RECORDS FOR THIS TASK START
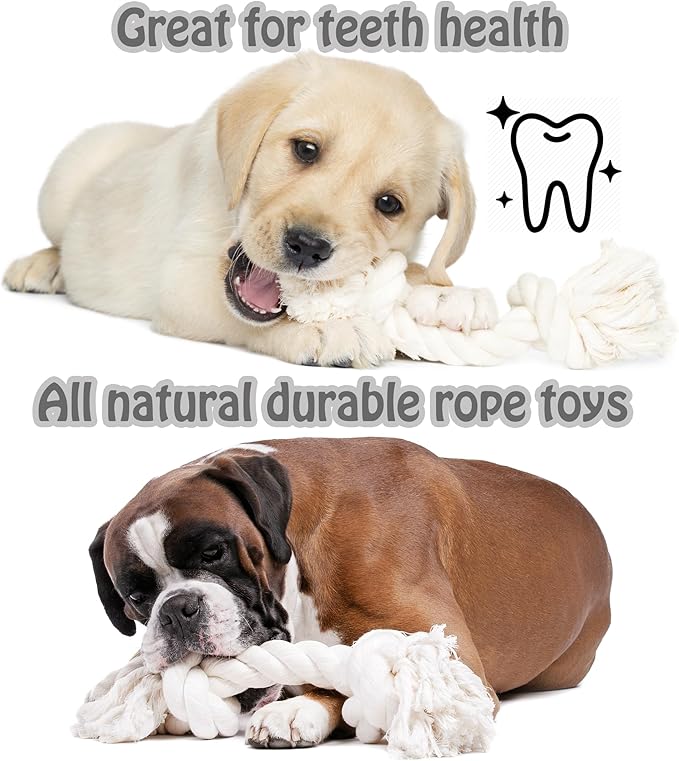 Barida Pet Supplies 100% Natural Cotton Rope Dog Toys, Premium White Cotton Dog Chew Toys, Puppy Chew Ropes for Teething, Tough Ropes for Puppy, Small and Medium Dogs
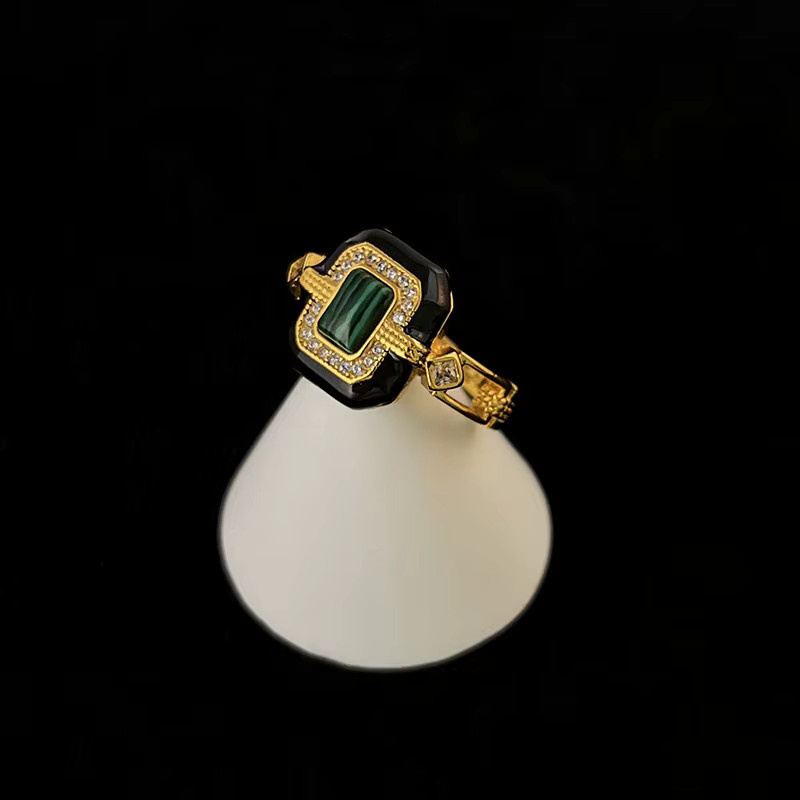 CherishKitten Ring, Malachit, Achat, Schwarz, Gold, Damen - Bild 2
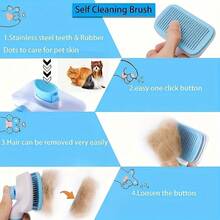 Self-Cleaning Pet Grooming Brush - Curved Needle Design, One-Click Hair Removal For Cats And Dogs - Multicolor - View 10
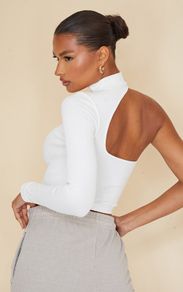 BNWT Pretty little thing white contour rib High Neck asymetric crop top size XS Postage included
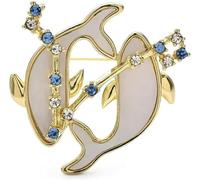TYIM7 3.4 * .2cm 2 Dolphins Shell Brooch Pins Blue Clear Animal Badge For Suit And Dress .AT7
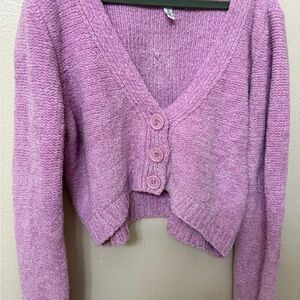 Urban Outfitters Dina cropped Cardigan NWOT Size L powder pink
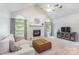 Bright and airy living room with vaulted ceilings, a fireplace, and natural light, creating an inviting space at 2079 Audubon Dr, Rock Hill, SC 29732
RECORDS FOR THIS TASK END
Copy exactly the lines of the listing above between the one holding "Self-Cleaning Pet Grooming" and the one holding "TYIM7 3.4 *", inclusive; omit all pictures.

 Self-Cleaning Pet Grooming Brush - Curved Needle Design, One-Click Hair Removal For Cats And Dogs - Multicolor - View 10
 BNWT Pretty little thing white contour rib High Neck asymetric crop top size XS Postage included
TYIM7 3.4 * .2cm 2 Dolphins Shell Brooch Pins Blue Clear Animal Badge For Suit And Dress .AT7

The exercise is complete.